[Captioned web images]

•••••

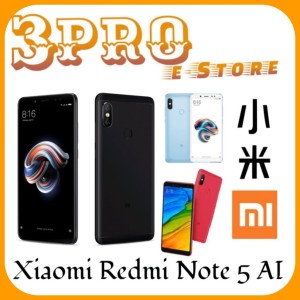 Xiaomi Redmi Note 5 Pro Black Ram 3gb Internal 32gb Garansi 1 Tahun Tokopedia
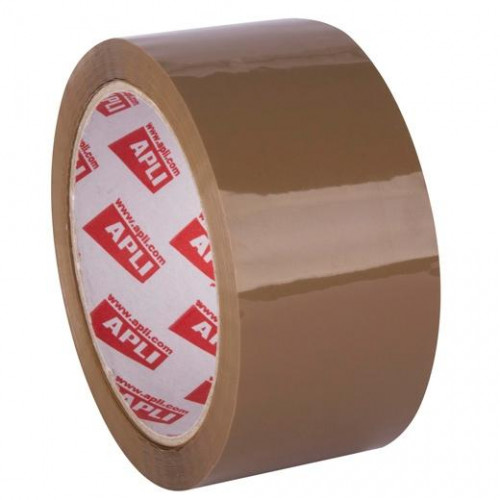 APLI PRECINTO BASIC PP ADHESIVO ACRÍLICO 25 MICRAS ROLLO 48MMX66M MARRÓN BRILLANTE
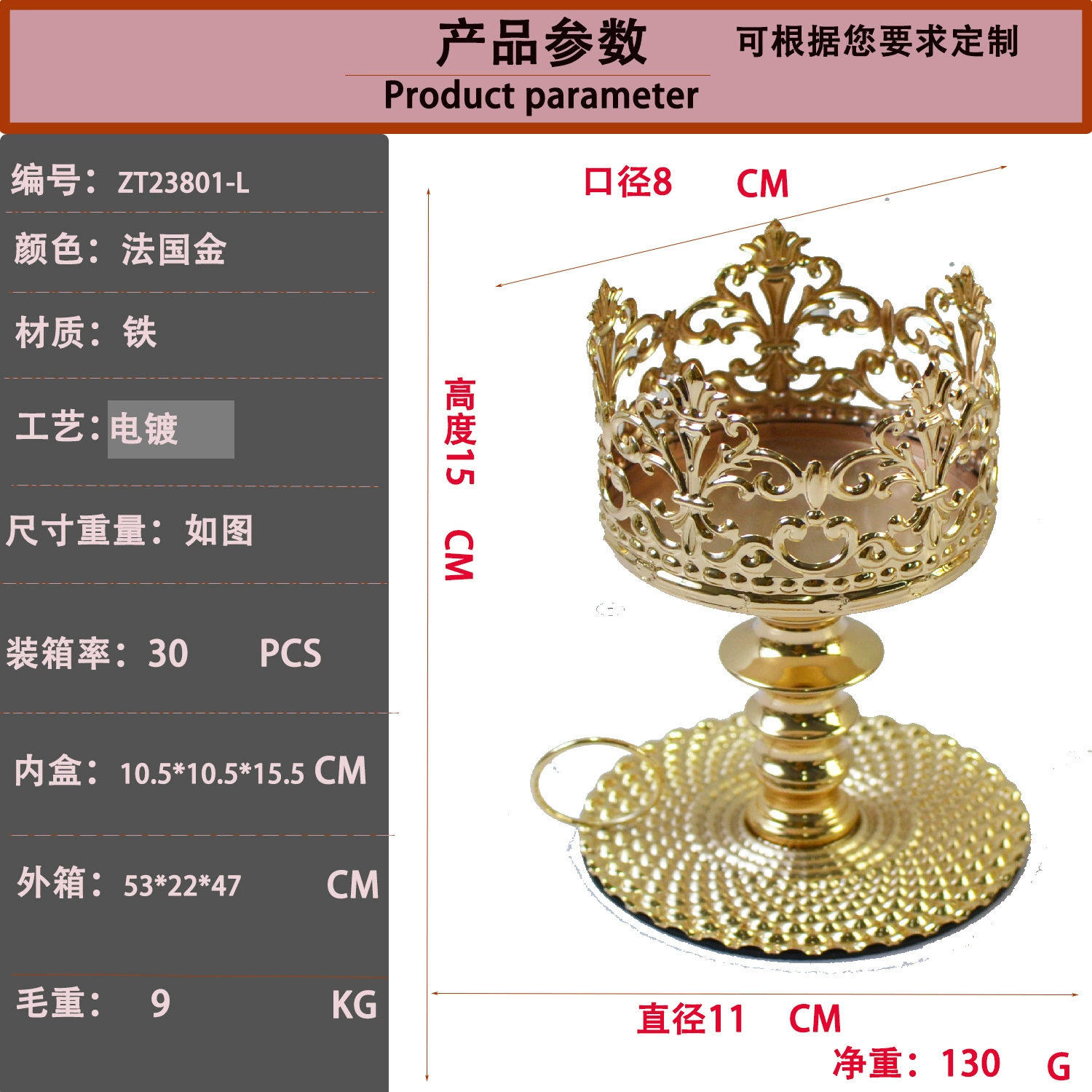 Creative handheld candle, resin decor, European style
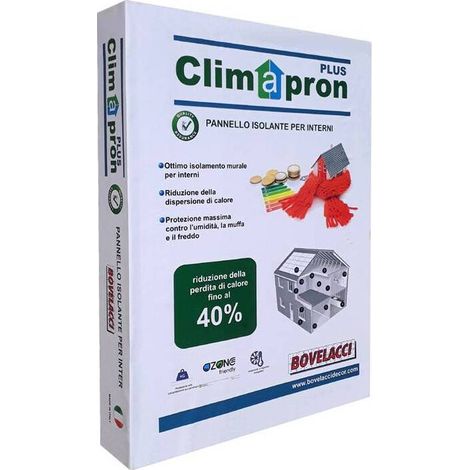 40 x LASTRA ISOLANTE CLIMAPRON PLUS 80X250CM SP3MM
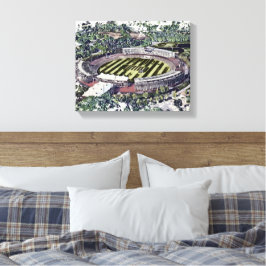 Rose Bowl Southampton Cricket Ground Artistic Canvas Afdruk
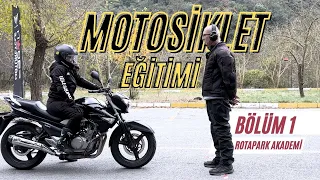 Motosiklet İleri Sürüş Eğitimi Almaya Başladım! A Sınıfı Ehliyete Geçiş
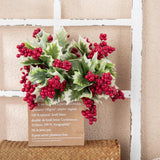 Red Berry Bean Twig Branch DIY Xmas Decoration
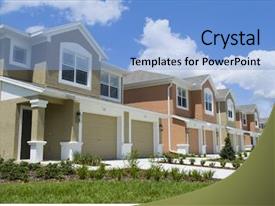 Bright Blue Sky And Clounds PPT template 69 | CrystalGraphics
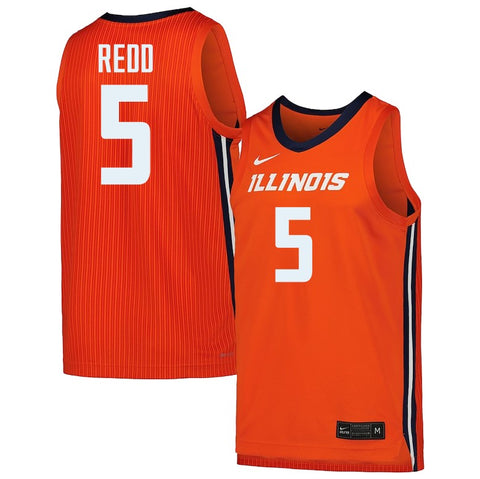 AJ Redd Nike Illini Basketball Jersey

•••••

● **Problem to solve**
Leaving the pictures out, copy exactly the lines from the line that contains "Motosiklet İleri Sürüş" to the last line of the data, both ends included.

● **Answer to this exercise**
 Motosiklet İleri Sürüş Eğitimi Almaya Başladım! A Sınıfı Ehliyete Geçiş
 Red Berry Bean Twig Branch DIY Xmas Decoration
 Bright Blue Sky And Clounds PPT template 69 | CrystalGraphics
 AJ Redd Nike Illini Basketball Jersey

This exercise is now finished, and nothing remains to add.